Perché possano avere valore esimente, dunque, è essenziale che le linee guida e le buone pratiche: a) siano l'espressione della migliore, maggioritaria e più recente (ove possibile) scienza medica; b) non siano ispirate a criteri di mera efficienza gestionale o economica; c) siano applicate (o se del caso disapplicate), dal sanitario, dopo un attento vaglio critico, parametrando le disposizioni in esse contenute al concreto caso pratico ed alle condizioni patologiche effettive del paziente hic et nunc considerato (Cfr. Cass.

pen.

s

ez. IV,

n. 35922/2012

;

Cass.

pen. Sez. IV p

en., n.

16237/2013).

La posizione del paziente è, quindi, collocata in piena centralità ed alla sua cura deve essere rivolta l'opera del sanitario che si muove guidato, ma mai sopraffatto, dalle linee guida ospedaliere (che, dettando regole di perizia, arricchiscono il sapere del curante). Alla condizione globale del soggetto sottoposto alle cure, quindi, deve essere rivolto l'operato del medico (come impongono le buone pratiche mediche che pure costituiscono un pilastro della L. Balduzzi), ispirato dalle direttive sanitarie che, tuttavia, per loro stessa natura sono frammentarie e destinate, sotto l'egida della Legge Balduzzi, a divenire sempre più parcellizzate e specifiche.

Conclusioni

Grazie all'entrata in vigore dell'art. 3 l. n. 189/2012 (L. Balduzzi), le linee guida e le buone pratiche mediche acquisteranno una posizione di sempre maggiore centralità nella definizione e qualificazione della responsabilità sanitaria penale. La sentenza in attuale commento ha statuito un canone di partenza ineludibile: giacché le direttive mediche attengono e contengono regole di perizia (indicando procedure standard di carattere terapeutico e gestionale del paziente), esse non possono esplicare la propria valenza esimente quando la condotta del sanitario agente sia qualificabile in meri termini di negligenza o imprudenza (ciò che, peraltro, rende intrinsecamente impossibile qualificare la colpa dell'agente in termini di “culpa levis”).
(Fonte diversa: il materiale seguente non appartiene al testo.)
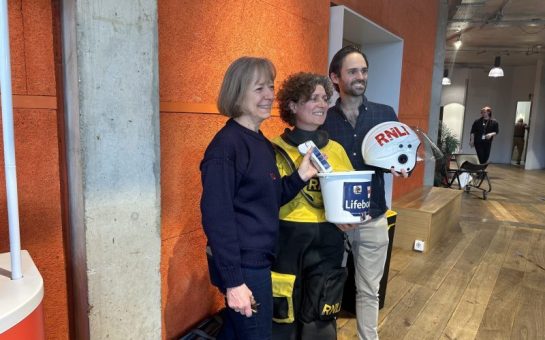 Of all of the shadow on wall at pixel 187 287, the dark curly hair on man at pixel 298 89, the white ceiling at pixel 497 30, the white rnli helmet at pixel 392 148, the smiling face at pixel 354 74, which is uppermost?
the white ceiling at pixel 497 30

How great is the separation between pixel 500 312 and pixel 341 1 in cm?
253

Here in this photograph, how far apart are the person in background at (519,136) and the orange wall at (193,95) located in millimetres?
12940

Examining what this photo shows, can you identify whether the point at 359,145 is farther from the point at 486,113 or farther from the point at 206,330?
the point at 486,113

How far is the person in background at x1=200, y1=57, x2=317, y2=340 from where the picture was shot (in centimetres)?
123

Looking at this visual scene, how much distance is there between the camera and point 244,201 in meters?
1.30

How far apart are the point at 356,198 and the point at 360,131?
0.50 metres

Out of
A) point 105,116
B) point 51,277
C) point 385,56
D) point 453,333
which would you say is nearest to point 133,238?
point 51,277

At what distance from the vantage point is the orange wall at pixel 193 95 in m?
1.84

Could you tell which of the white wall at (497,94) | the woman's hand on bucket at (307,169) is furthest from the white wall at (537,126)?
the woman's hand on bucket at (307,169)

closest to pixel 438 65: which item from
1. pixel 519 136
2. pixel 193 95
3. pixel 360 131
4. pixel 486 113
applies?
pixel 486 113

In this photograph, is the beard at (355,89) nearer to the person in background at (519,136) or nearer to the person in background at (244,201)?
the person in background at (244,201)

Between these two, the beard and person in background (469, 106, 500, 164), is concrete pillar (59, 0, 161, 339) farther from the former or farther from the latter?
person in background (469, 106, 500, 164)

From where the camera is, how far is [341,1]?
3143 millimetres

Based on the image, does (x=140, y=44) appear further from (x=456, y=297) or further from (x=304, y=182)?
(x=456, y=297) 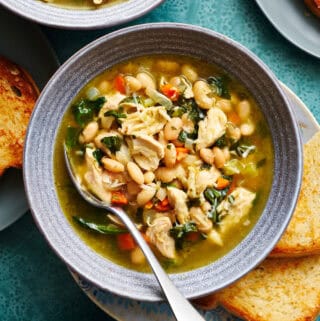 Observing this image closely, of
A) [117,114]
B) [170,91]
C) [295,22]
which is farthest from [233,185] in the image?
[295,22]

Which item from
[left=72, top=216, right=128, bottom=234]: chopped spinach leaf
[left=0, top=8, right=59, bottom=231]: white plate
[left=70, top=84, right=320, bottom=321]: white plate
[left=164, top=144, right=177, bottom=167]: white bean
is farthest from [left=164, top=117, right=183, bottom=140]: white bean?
[left=0, top=8, right=59, bottom=231]: white plate

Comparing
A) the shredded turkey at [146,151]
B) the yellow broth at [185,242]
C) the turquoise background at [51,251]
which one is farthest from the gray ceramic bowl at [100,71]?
the turquoise background at [51,251]

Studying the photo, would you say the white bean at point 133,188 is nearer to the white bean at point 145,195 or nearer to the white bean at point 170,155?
the white bean at point 145,195

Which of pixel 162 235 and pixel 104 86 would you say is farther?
pixel 104 86

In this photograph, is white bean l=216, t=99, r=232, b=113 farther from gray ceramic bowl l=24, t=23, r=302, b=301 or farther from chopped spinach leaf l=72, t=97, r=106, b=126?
chopped spinach leaf l=72, t=97, r=106, b=126

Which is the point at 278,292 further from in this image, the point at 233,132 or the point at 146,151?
the point at 146,151

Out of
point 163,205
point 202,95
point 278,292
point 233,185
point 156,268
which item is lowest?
point 278,292

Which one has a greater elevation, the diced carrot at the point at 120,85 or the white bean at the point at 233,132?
the diced carrot at the point at 120,85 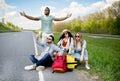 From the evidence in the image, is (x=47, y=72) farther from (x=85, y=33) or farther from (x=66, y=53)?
(x=85, y=33)

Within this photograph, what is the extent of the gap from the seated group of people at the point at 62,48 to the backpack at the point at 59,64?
0.39 feet

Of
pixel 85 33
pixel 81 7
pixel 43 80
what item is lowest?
pixel 43 80

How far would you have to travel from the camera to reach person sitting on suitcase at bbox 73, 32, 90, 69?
5.98m

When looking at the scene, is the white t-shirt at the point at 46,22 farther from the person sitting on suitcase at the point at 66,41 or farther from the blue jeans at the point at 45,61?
the blue jeans at the point at 45,61

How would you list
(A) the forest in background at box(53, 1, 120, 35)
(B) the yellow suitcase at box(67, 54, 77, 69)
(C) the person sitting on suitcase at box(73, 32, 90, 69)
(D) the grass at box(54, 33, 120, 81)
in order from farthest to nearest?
(A) the forest in background at box(53, 1, 120, 35)
(C) the person sitting on suitcase at box(73, 32, 90, 69)
(B) the yellow suitcase at box(67, 54, 77, 69)
(D) the grass at box(54, 33, 120, 81)

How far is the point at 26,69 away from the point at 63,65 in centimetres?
63

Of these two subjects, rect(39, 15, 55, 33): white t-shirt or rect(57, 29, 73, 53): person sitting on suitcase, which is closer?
rect(39, 15, 55, 33): white t-shirt

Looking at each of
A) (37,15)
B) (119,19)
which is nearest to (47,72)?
(37,15)

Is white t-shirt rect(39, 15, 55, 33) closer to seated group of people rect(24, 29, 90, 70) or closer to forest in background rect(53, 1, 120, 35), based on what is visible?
seated group of people rect(24, 29, 90, 70)

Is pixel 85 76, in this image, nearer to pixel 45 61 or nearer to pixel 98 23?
pixel 45 61

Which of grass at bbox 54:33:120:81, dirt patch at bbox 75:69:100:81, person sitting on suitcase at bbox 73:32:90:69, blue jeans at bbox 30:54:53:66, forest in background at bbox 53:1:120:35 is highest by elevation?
forest in background at bbox 53:1:120:35

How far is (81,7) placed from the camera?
19.7 ft

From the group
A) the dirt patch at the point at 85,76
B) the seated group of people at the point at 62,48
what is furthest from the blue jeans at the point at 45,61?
the dirt patch at the point at 85,76

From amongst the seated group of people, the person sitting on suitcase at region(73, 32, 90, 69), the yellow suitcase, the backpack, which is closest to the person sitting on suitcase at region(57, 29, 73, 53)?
the seated group of people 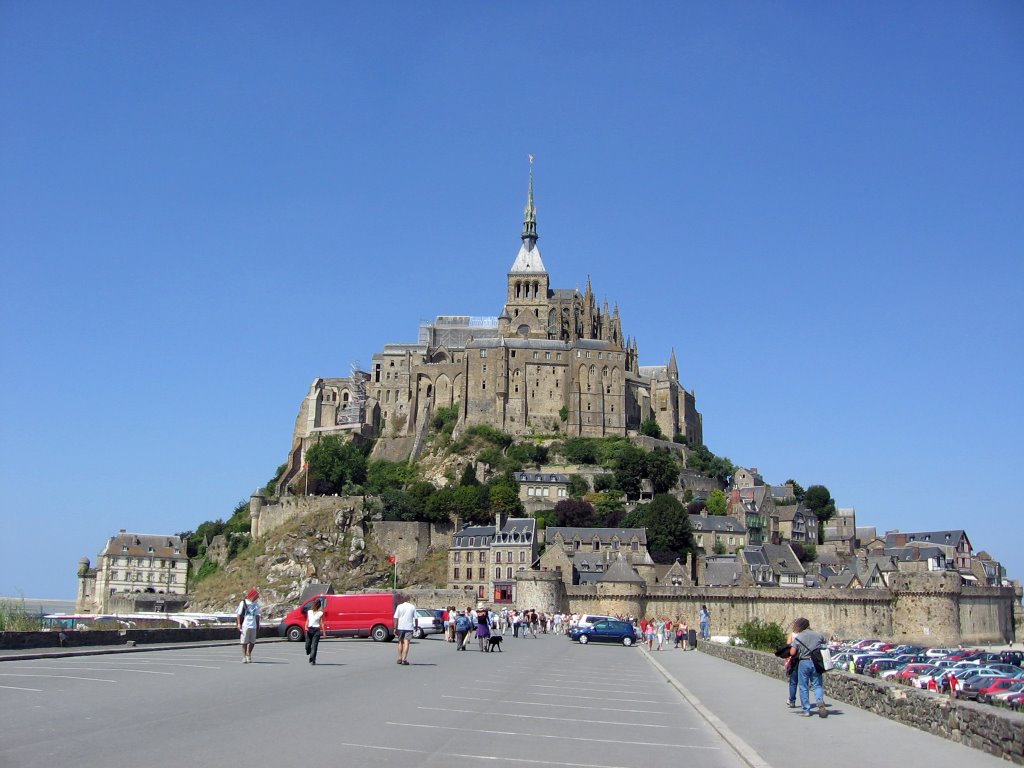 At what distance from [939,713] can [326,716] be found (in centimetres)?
777

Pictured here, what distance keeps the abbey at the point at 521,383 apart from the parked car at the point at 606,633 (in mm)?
67943

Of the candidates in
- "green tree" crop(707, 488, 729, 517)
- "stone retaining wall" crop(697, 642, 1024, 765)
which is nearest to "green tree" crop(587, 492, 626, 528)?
"green tree" crop(707, 488, 729, 517)

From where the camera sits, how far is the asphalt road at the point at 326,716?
1085cm

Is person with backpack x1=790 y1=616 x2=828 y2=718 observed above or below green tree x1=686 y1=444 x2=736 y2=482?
below

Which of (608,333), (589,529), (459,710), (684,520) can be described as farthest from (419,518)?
(459,710)

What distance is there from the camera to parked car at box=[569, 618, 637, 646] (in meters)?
46.0

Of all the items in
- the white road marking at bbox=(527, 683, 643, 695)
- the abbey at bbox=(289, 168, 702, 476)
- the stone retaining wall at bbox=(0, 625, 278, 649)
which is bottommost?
the white road marking at bbox=(527, 683, 643, 695)

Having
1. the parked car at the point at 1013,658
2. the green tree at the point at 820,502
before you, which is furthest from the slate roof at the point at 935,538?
the parked car at the point at 1013,658

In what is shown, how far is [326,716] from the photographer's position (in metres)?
13.7

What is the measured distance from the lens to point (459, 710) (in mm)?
15352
Ne consegue che il medico che non presti la dovuta attenzione e non adotti trattamenti che si pongano, in termini complessivi, come adeguati, rispetto alle concrete condizioni morbili del paziente affidato alle sue cure, non andrà esente da responsabilità penale in conseguenza del proprio operato, in quanto, pur se abbia seguito una singola linea guida, avrà comunque esorbitato il più globale e generale criterio delle buone pratiche cliniche.